We were busy, but not harried by the schedule. Instead, I felt as though there was time to take in the sounds and colors of Scotland (there are many more colors than the traditional green) as well as time to think and appreciate the spectacle of wildlife and the friendly nature of the Scottish people.
Scottish Highlands Travel Experience Highlights
There were many high points of the trip, but I’ve noted below my most favorite bits for you to consider as you plan your next trip to Scotland:
- Hydroplane ride from Glasgow to Loch Lomond: If the weather is on your side, this is the best way to grasp the beauty the Scottish West Coast landscape with its lochs, isles, castles, villages, and mountains. I was lucky enough to sit up front as the “co-captain” who wasn’t responsible for anything but taking in the views. A short 40 minutes later, we landed on Loch Lomond next to the historic Drovers Inn, which is a comfortable stop-off point with décor that’s a taxidermist’s dream including a grizzly bear, a two-headed lamb and other animals in action alongside an informal restaurant.
- Hiking / Walking Trails: Whether it’s the West Highland Way, which we took from the Drovers Inn to Crianlarich, or the South Loss Ness Trail, there are a number of connected, scenic, well-marked and well-maintained trails throughout Scotland – many of which you can embark on a self-guided walking or biking tour of your own (with the bonus of having your luggage transported for you each day).
- Biking the Caledonian Canal (along with the Great Glen Cycleway) to Loch Ness: This was a wonderful day-long ride that intermediate bikers will surely enjoy. The scenic trail, which runs 40 miles from Fort William to Fort Augustus, goes by villages with plenty of rolling hills and scenic overlooks along the way. However, if you are looking for more of a challenge, there are mountain biking trails that will get your adrenaline flowing too.

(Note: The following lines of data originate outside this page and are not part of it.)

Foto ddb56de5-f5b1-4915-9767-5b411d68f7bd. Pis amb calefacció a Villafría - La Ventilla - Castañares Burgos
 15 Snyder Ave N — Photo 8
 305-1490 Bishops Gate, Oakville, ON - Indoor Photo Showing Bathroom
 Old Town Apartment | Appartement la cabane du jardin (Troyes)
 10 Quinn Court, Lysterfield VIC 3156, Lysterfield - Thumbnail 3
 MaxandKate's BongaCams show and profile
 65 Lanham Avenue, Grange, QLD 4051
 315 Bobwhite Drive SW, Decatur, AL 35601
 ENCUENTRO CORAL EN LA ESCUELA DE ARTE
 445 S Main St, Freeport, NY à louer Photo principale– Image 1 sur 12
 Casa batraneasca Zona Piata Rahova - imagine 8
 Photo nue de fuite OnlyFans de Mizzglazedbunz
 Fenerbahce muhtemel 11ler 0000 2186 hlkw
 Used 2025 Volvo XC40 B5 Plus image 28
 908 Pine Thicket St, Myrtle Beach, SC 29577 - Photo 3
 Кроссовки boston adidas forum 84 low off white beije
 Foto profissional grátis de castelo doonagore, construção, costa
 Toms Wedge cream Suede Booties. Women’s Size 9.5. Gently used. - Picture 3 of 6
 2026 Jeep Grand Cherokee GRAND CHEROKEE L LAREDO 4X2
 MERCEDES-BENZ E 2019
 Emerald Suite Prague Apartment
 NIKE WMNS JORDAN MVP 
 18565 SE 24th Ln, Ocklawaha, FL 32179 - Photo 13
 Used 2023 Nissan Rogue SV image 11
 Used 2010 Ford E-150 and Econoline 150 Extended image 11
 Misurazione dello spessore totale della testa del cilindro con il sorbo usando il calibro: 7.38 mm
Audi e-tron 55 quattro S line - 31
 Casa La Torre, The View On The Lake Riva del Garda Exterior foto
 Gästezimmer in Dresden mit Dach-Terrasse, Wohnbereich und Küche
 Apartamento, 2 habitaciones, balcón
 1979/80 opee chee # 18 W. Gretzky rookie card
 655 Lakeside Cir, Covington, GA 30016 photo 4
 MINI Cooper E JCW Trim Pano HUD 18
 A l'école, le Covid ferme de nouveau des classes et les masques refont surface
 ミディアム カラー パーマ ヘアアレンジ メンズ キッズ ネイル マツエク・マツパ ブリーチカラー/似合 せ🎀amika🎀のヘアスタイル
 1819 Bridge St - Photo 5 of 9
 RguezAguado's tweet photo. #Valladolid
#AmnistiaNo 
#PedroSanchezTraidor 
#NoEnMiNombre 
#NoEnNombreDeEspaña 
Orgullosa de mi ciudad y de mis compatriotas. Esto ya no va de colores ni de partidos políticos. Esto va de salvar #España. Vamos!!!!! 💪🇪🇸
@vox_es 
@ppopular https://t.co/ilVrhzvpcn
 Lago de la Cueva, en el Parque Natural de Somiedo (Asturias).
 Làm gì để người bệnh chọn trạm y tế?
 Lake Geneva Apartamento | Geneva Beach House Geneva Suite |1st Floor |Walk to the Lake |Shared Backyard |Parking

- Green Accommodations: Scotland has a variety of high-quality, eco-certified accommodation options including Glenuig Inn at the Sound of Arisaig on the west coast. This Green Tourism Business Scheme Gold Certified inn (which will be featured in another blog post) offers guided sea kayaking and hiking trips as well as vegetarian / vegan / non-dairy / nut-free dining options for breakfast, lunch, and dinner. However, it was the attention to energy-efficient upgrades and the use of renewable resources toward the aim of doing better for the environment as well as for the bottom line that was intriguing – even to Prince Albert of Monaco who had visited Glenuig Inn just 10 days earlier specifically to find out more about the inn’s sustainable operations.
With its excellent train systems, walking and biking trails, wildlife, natural wonders, comfortable accommodations, locally-sourced dining options and of course historic sites, we are very excited at the prospect of offering new trips to Scotland.